In the records below, find the line with "Ilustración minimalista de" and the line with "CN Velvet Sleeveless". Print both exactly, along with every line between them, and no other line.

Crawled caption data
=====

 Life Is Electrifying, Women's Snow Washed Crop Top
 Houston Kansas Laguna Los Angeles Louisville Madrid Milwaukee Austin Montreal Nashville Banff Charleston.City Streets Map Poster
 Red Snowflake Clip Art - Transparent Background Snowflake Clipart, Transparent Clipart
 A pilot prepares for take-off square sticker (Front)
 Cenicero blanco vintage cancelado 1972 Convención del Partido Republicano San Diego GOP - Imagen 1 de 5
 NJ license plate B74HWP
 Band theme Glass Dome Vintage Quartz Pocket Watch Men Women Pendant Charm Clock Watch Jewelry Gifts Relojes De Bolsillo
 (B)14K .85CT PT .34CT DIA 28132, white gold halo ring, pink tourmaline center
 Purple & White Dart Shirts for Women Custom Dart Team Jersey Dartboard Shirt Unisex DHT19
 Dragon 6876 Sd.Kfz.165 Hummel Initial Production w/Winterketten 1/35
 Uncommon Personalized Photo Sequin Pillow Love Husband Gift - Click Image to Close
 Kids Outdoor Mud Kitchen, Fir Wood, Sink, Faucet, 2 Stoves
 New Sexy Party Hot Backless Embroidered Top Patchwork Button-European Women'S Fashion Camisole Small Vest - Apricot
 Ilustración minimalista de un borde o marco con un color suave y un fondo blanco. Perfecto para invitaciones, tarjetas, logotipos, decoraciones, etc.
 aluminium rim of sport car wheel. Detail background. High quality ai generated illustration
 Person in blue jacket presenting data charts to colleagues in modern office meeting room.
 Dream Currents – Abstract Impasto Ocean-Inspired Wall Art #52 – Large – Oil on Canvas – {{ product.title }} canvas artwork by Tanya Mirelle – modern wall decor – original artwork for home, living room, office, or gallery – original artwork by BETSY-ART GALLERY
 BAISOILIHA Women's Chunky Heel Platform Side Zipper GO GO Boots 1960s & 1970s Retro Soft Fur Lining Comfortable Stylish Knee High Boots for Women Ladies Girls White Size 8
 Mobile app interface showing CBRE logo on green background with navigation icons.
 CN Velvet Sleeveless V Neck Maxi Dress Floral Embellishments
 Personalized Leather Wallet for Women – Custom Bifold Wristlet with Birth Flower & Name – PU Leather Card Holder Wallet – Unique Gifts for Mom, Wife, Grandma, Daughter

=====

* ANSWER SPACE:
 Ilustración minimalista de un borde o marco con un color suave y un fondo blanco. Perfecto para invitaciones, tarjetas, logotipos, decoraciones, etc.
 aluminium rim of sport car wheel. Detail background. High quality ai generated illustration
 Person in blue jacket presenting data charts to colleagues in modern office meeting room.
 Dream Currents – Abstract Impasto Ocean-Inspired Wall Art #52 – Large – Oil on Canvas – {{ product.title }} canvas artwork by Tanya Mirelle – modern wall decor – original artwork for home, living room, office, or gallery – original artwork by BETSY-ART GALLERY
 BAISOILIHA Women's Chunky Heel Platform Side Zipper GO GO Boots 1960s & 1970s Retro Soft Fur Lining Comfortable Stylish Knee High Boots for Women Ladies Girls White Size 8
 Mobile app interface showing CBRE logo on green background with navigation icons.
 CN Velvet Sleeveless V Neck Maxi Dress Floral Embellishments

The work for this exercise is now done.